ACTIVITY
Pictures are not part of the answer. Write out exactly the lines from the one containing "Citrus Lemon two-sided tote bag (Front)" through the end of the material below.

RECORDED DATA

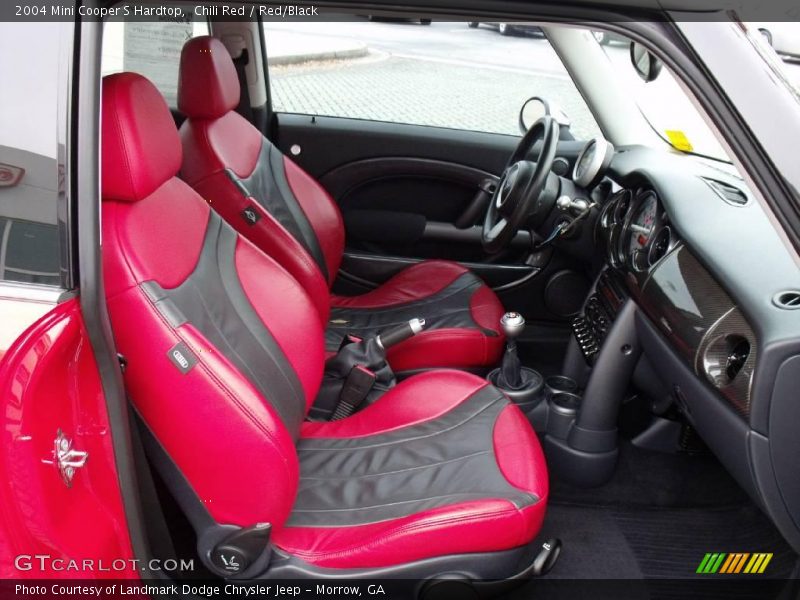 Chili Red / Red/Black 2004 Mini Cooper S Hardtop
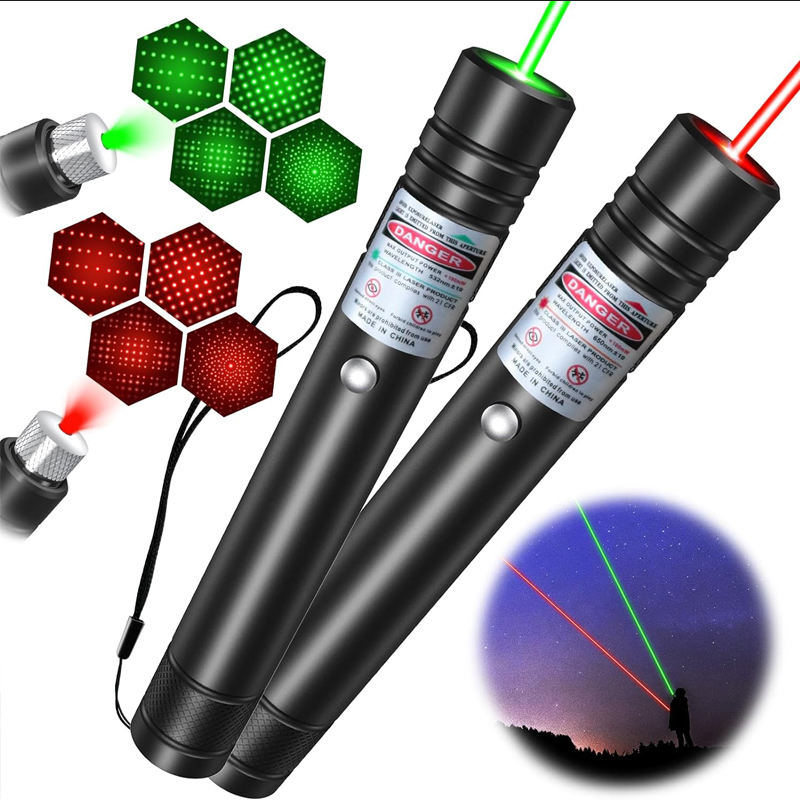 BrightBeam Laser Pointer with Rechargeable Power and Dual Modes
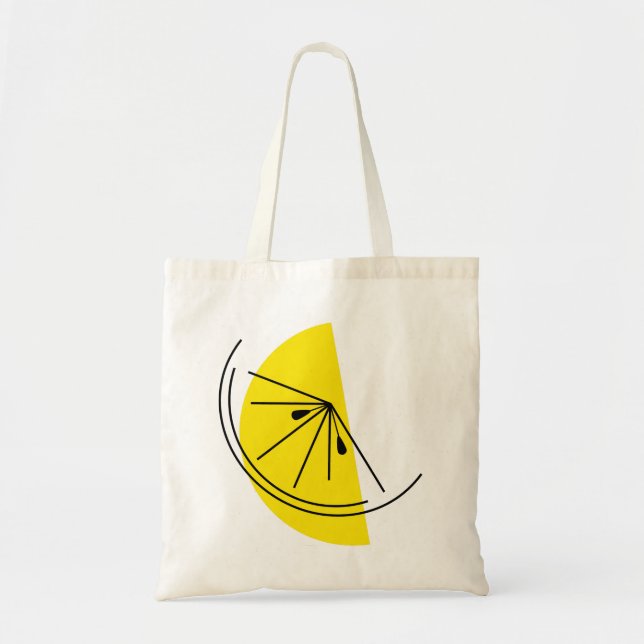 Citrus Lemon two-sided tote bag (Front)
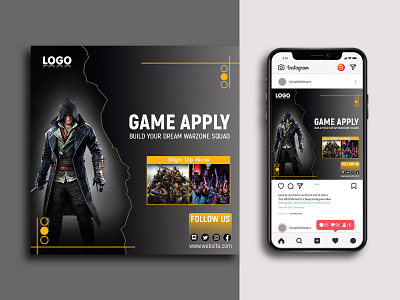 E - Sports Social Media Template । Call of Duty Banner Template 2022 banner banner design clean design e sports esports free game gaming instagram instagram post media organization post social social media sports team template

THE COMPLETED TASK
 Citrus Lemon two-sided tote bag (Front)
 E - Sports Social Media Template । Call of Duty Banner Template 2022 banner banner design clean design e sports esports free game gaming instagram instagram post media organization post social social media sports team template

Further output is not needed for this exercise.